Justice, Equity, Inclusion and Belonging in business

 

Why Conduct a Culture Audit? 

 

There are two primary reasons to look at your current culture: 

1. Your current culture seems positive, but you want to create a culture that will best support the accomplishment of your business goals; understanding the current culture is the first step to determine what to keep and what to change.

2. You already believe your current culture is damaged and hurting your success, and you want to take steps to understand why. Damaged cultures are characterized by negativity, complaining, underachievement, less-than-positive relationships, leadership that fails to respect people, low levels of trust, a lack of volunteerism, low contribution of discretionary energy, and usually, in reasonable economic times, high turnover. 

3.  A culture audit can help you find out the degree of belonging your employees feel in the workplace. 

Inclusion: Every member of your organization should be invited actively to participate in all aspects of your organization.

Belonging: Belonging is a key component of inclusion. When employees are truly included, they perceive that the organization cares for them as individuals, their authentic selves. All members of an organization should have the confidence and support to contribute their unique perspectives to every aspect of your organization.

Organizations can only really benefit from their diversity if all members in their community feel they truly belong, feel fully safe, and hence have the confidence to be themselves and say what they are thinking.

 

How we conduct the culture audit?                    
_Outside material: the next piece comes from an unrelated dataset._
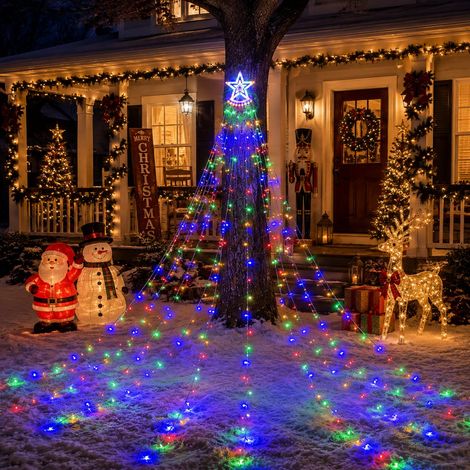 Décorations Noël Extérieures Guirlande Lumineuse Cascade 350 LED 8 Modes D éclairage Idéale Décorer Maison Portes (1/5)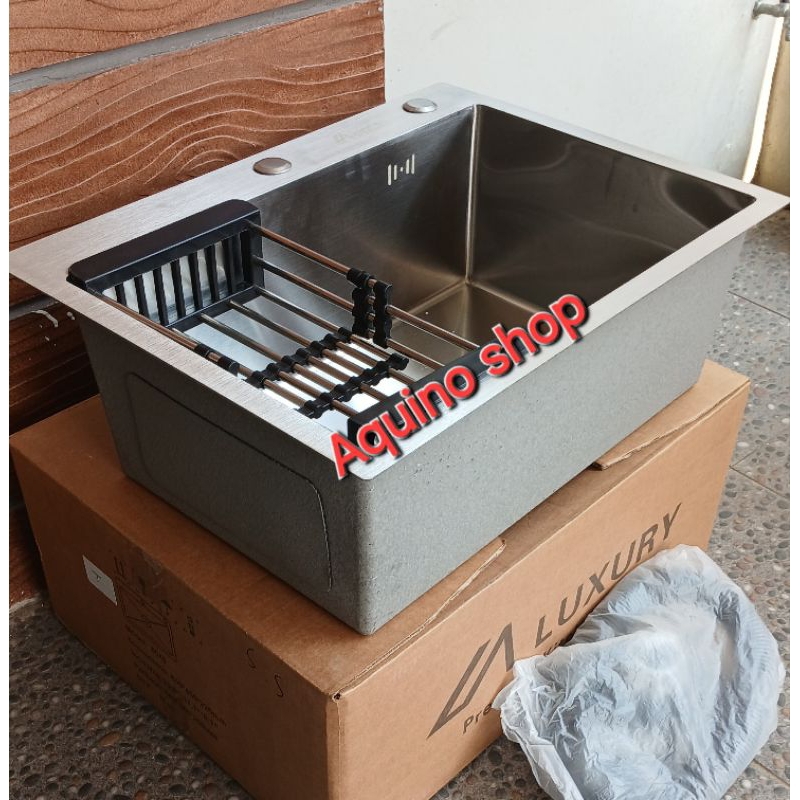 Wastafel bak cuci piring kitchen sink 1 lubang stailess SUS 304 ukuran 60cm×45cm×22cm.(SINK ONLY)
A culture audit normally requires a variety of methods to assess the current state of the culture in your organization. 

 

To assess your culture, we use, 

 

• Culture walks, observation in the workplace; 

• Culture interviews or focus groups of employees; 

• Individual employee culture interviews; 

• Culture surveys, often developed internally based on       collected information; and 

• Commercially available instruments. 

 

All require listening—carefully and with commitment—with both your eyes and your ears. You can contract the services of a consultant or your internal staff can carry out the audit. Determine the appropriate approach and components for your organization based on discussion with your team and prior experiences in your workplace. More damaged cultures may call for outside intervention, especially if the internal employees have little trust in their leaders. But even a positive culture may benefit from an outsider's outlook and observations. In every organization, it is possible to overlook important cultural components because you are too close to your situation.